- Ezibeleni Ezibeleni
- Coordinates: 31°54′S 26°58′E﻿ / ﻿31.900°S 26.967°E
- Country: South Africa
- Province: Eastern Cape
- District: Chris Hani
- Municipality: Enoch Mgijima
- Established: 1974

Area
- • Total: 32.09 km^{2} (12.39 sq mi)
- Elevation: 3,500 m (11,500 ft)

Population (2011)
- • Total: 30,113
- • Density: 938.4/km^{2} (2,430/sq mi)

Racial makeup (2011)
- • Black African: 99.3%
- • Coloured: 0.1%
- • Indian/Asian: 0.1%
- • Other: 0.5%

First languages (2011)
- • Xhosa: 91.5%
- • English: 4.5%
- • Other: 4.0%
- Time zone: UTC+2 (SAST)
- Postal code (street): 5326
- PO box: 5326
- Area code: 047

= Ezibeleni =

Place in Queenstown, Eastern Cape, South Africa

Ezibeleni is a township in the Eastern Cape Province of South Africa. It was established in the 1960s and officially recognised in 1974, when black South Africans were not allowed to live, but only to work, in the white-dominated Queenstown. In order to pursue the policy of separate development, the apartheid-era government of the time dictated that, due to its location on the map and the predominant Xhosa ethnicity of its people, Ezibeleni would belong to Transkei, one of ten fragmented bantustans, or homelands, scattered across South Africa.

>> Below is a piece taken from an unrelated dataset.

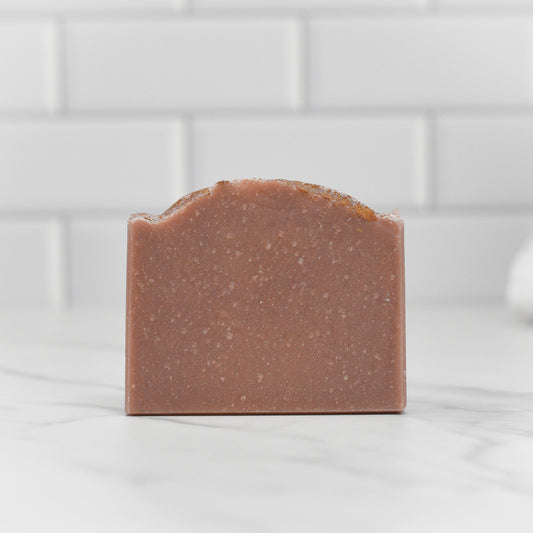 A bar of Wild Earth Hunters Blend Bar Soap - Dirt Soap by 570 Soap Co., featuring a smooth, reddish-brown surface, is artfully positioned on a white marble countertop with a backdrop of white tiled backsplash. The soap emits an intriguing dirt-scented fragrance, ideal for those who embrace rustic charm.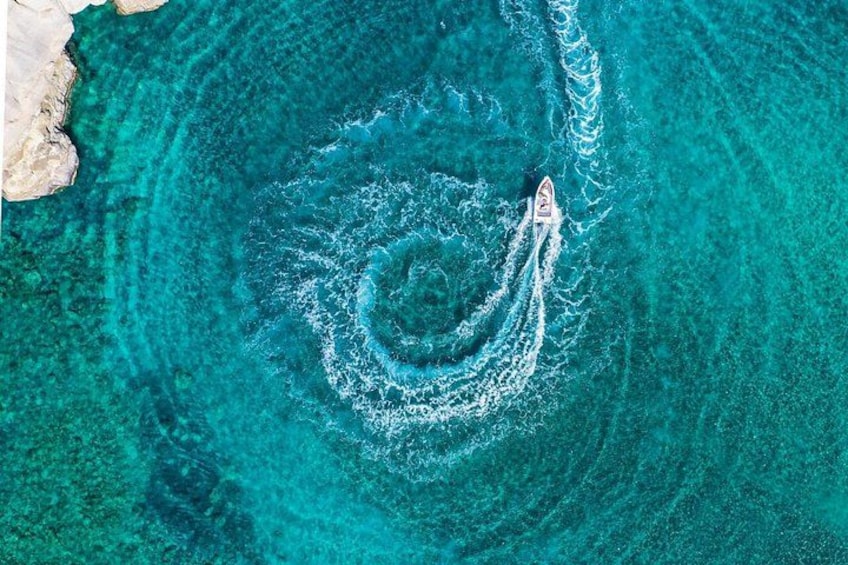 Una embarcación dejando un rastro circular en aguas turquesas. 2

Ezibeleni is one of the largest towns in the Komani area. Its original name was Queensdale, named after Queenstown (today: Komani).
It is divided into zones (1, 2, 3, Chancele & Themba), with the new units; known as Kwamabuyaze (RDP houses) which is still expanding.

Komani River flows near or through various towns in the Eastern Cape province of South Africa, including Ezibeleni. The Great Fish River is a significant watercourse in the region, and its proximity to Ezibeleni have environmental and cultural importance for the local community.

The majority of people resident in Ezibeleni live below the living wage according to government economic classifications. There are about 12 schools in the area, 4 lower primary, 3 senior primary, 3 lower high and 2 senior high schools.

The township is known for being a home to some of the best local and school music choirs in the country, Siyaphakama Adult Choir and Bulelani Senior Secondary School to name but a few. Bulelani has represented Eastern Cape in the school's music competitions many times in the last 2 decades and has won many of the South African National School's Choir Competitions.

There is a vibrant social life with many church denominations and other social activities.

However, according to Statistics South Africa, the area still has a very high unemployment rate.

Resources are limited. The Buffalo City Metro, according to a report by Cogta MEC Zolile Williams, has 17 fire trucks of which seven are operational. The municipality needs an additional five firetrucks.